Would we attract wealth creators like they do in Switzerland?
Would be see an increase in spending in luxury goods?

Another advantage is that most of the tax avoidance industry would cease to exist overnight.


----------



## Brendan Burgess (25 Jun 2012)

An interesting idea. I feel the boat really rocking. 



> Remember that they'll pay VAT on what they spend and other taxes.


I have heard it argued that income tax should be abolished and replaced with very high expenditure taxes which are much more difficult to avoid. 

However, wealthy people spend far more of their income on imported goods, so I don't think that this would work in an open economy like Ireland. 

Income tax is progressive.  Expenditure taxes are not.

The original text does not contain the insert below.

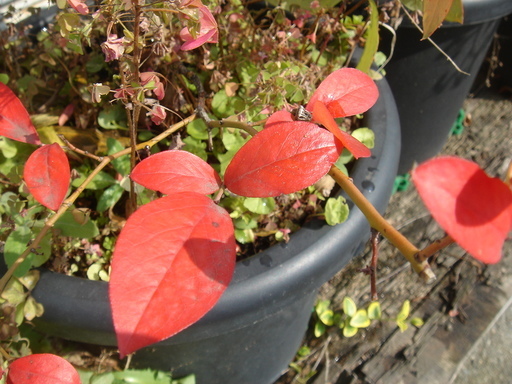 �^�N����́u��͉��|�v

I think that the current balance is about right.


----------



## shnaek (26 Jun 2012)

Definition of Progressive from Dictionary.com:

favoring or advocating progress,  change, improvement, or reform, as opposed to wishing to maintain things as they are

Does our income tax system advocate progress? I would suggest that it does not. I would suggest that only a flat rate tax advocates progress, and that taxing people for working extra hard, or for working overtime doesn't advocate progress or improvement. 

Taxing people more and more is the easy way out. We know this because governments do it, and Monarchs and Lords did it before them. 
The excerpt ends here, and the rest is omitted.